Stay tuned as I have more images coming from the trip. For now, I hope you can enjoy this little slice of time in paradise as much as I did.

Top 12 of 2012

As we come to the end of 2012 I thought I’d look back through the photos I made this year and choose my top 12. I decided to take things a little more seriously with my shooting this year, and I felt like this was a good year of growth for me as a photographer. It wasn’t easy to narrow down my collection from this year to just 12 images, and I’m still second guessing a few of my choices to be honest! I hope you’ll stay tuned, there are some cool things in store for 2013 and I’m excited to share them with you in the coming months.

Thanks to all of you who’ve taken the time to stop in and comment, plus 1, add, like, etc. this past year. I’ve enjoyed getting to know so many new friends in the photography community and look forward to new friendships in the coming year.

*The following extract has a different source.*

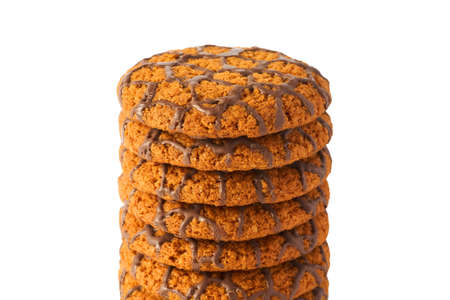 A stack of chocolate cookies isolated on a white background.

Photo of the Week: Week 52

Well, this week marks the final instalment in my 2012 weekly photo series. For this final post, I’m sharing a simple image I made while out shooting on a cold snowy day in the mountains last week. It was a beautiful winter morning with fresh snow having fallen over night and even more gently falling throughout the day. The low clouds and overcast conditions made for somewhat of a photographic challenge though in that the main attraction of the Rockies, the mountains themselves, were practically invisible. Not that I’m complaining or anything, it’s always a great exercise when the conditions force you to look past the obvious images and see more creatively. I often find some of my favourite images come from days like this.
I saw this view across the valley near Lake Louise and was really drawn to the repeated patterns of the lines of trees and the way the fog created a kind of layered effect. Using my telephoto lens I extracted this little scene and took advantage of the compression effect of using a longer focal length.
While simple and maybe not all that exciting, this image really captured the peaceful, quiet mood of that beautiful winter morning for me. If you haven’t experienced the stillness and quiet of a crisp winter morning in the mountains, I would highly recommend it. I hope this photo at least gives you a taste.

Photo of the Week: Week 51

This week’s photo of the week is a chilly winter image I took just over a week ago while out in the mountains looking for photos. This one is from Numa Falls in Kootenay National Park. I really liked the look of the cool blue water and the way the falls tumbled down between the snow covered rocks. The compositional choices are a little limited here in that the only vantage point of the falls is from the footbridge that crosses over the river. Despite that, I experimented as much as possible and made images that included the trees, stream, and the rest of the scene above the falls as well as more isolated images like this one. In the end I decided on this one because I felt like the falling snow and featureless sky in the wider compositions just didn’t add enough to the image. The obviously interesting draw of the scene is the waterfall so I felt like focusing in on that would make for a more effective photo. The overcast conditions that day were perfect for easily capturing the entire dynamic range of the scene in a single exposure which was great. With the dark rocks, flowing water, and bright white snow this would have been quite a challenging exposure in brighter conditions. I used a polarizing filter to remove the reflections in the water and bring out the colour as well as solid neutral density filter to lengthen my exposure enough (1.3 seconds) to get the effect I was looking for in the water.

Thanks for stopping in, I hope you enjoy this one.